|Morgan Housel||00:00||The difference between a fee and a fine is subtle, but it's really important.|
|00:04||A fine means you did something wrong. You're in trouble. Shame on you. Here's your punishment. Don't do it again. You get a speeding ticket, you're in trouble. That's a fine.|
|00:12||A fee is just the cost of admission to getting something good on the other side, that you are willing to pay because it's worth it to get through. You're not in trouble because it's the cost of admission.|
|00:20||Most investors intuitively interpret volatility as a fine when, instead, they should be interpreting it as a fee. If their portfolio were to decline 20 or 30%, they view that as an indication that they did something wrong, that they're in trouble, that they made a mistake, when the huge majority of the time, that's not the case. They are experiencing the fee of investing, the cost of admission to doing well over time.|
|00:43||We know that markets can provide good long-term returns, but nothing good in life is free. Everything worthwhile pursuing has a cost of admission attached to it. In investing, that cost is putting up with and enduring a never-ending chain of uncertainty and volatility and ups and downs and booms and busts.|
|01:02||I think just that subtle mindset shift of when you're enduring volatility to think, look, look, it's not that I screwed up. It's not that my advisor screwed up. This is not a fine. This is just the bill coming due to earning good long-term returns over time. Just like if I were to go to Disneyland and you pay a hundred or $200 at the gate, whatever it is these days, you're not in trouble. You just know that it's worth it to get to the other side.|
|01:24||Now, the mistake a lot of investors make is that rather than viewing it as a fee that is worth paying, a cost of admission that's worth paying, they want to avoid the fee. They want the returns without the volatility. They want to sneak into Disneyland. They want to jump over the fence and get in.|
|01:40||I think a big insight for investors, for long-term investors, is understanding that the fee is worth paying. The cost of admission is worth it. If you can put up with a never-ending ceaseless chain of volatility and surprises and stick around for 10, 20, 30, 40, 50 years, it is so worth it to pay that fee. The rewards compensate you and then some.|
|Chris Davis||02:02||Well, I'll even build on that by saying if we think of that fee as the cost of admission, I would say that there's a door prize, an option that is stapled to that door, to that admissions ticket. That is if you can wire yourself to see the volatility not as a fee, but as an option to actually increase returns over time-|
|Chris Davis||02:29||... by recognizing that that volatility can actually serve you. Now, that is a far bridge for a lot of investors to get to, but that idea that, wow, that boom in that bust actually could serve me. So in addition to paying this fee, I've actually got a door prize where I have a chance to take advantage of the volatility, which people perceive as a fine. They should see it as a fee.|
|02:57||But even better, they could see it as an option to enhance returns by recognizing that people will tend to overreact in those periods. You'll never pick the bottom, you'll never pick the top, but feeling generally more positively disposed when the volatility is all on the downside and generally more restrained when the volatility is all on the upside, that is a way to get a refund and actually a return on your cost of admission.|
|Morgan Housel||03:02||I love it.|
Chris & Morgan Bios
Chris is Chairman of Davis Advisors, an independent investment management firm founded in 1969 with $20 billion in AUM. He’s co-portfolio manager of the Davis NY Venture Fund as well as other portfolios focused on Large Cap and Financial companies across mutual funds, SMAs and ETFs. Chris has over three decades of experience in investment management and securities research, was recognized as a Morningstar Manager of the Year and was recently named to the Board of Directors for Berkshire Hathaway.

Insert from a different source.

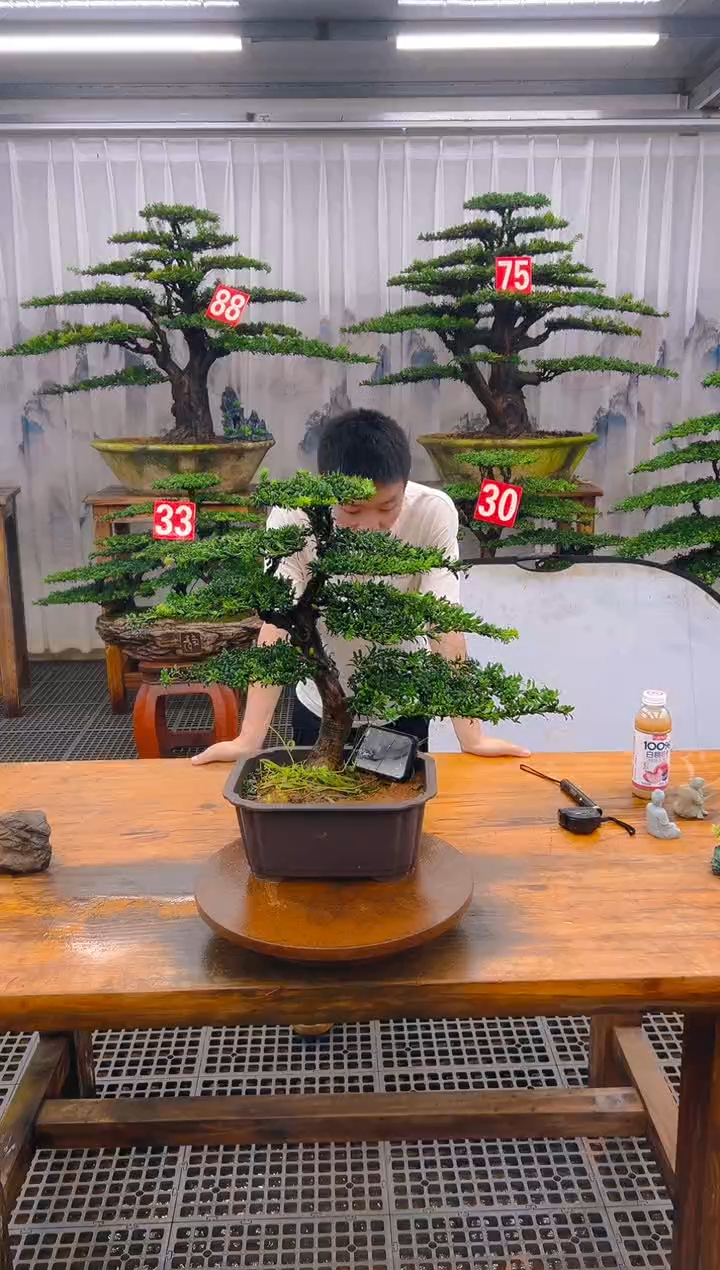 无花朵精品盆景直播间一物一拍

Morgan is a partner at The Collaborative Fund and serves on the board of directors at Markel Corp. His book The Psychology of Money has sold over two million copies and has been translated into 49 languages. He’s won multiple awards and accolades for his writing and insights from the Society of American Business Editors and Writers, the New York Times, and other industry organizations. Morgan has presented at more than 100 conferences in a dozen countries.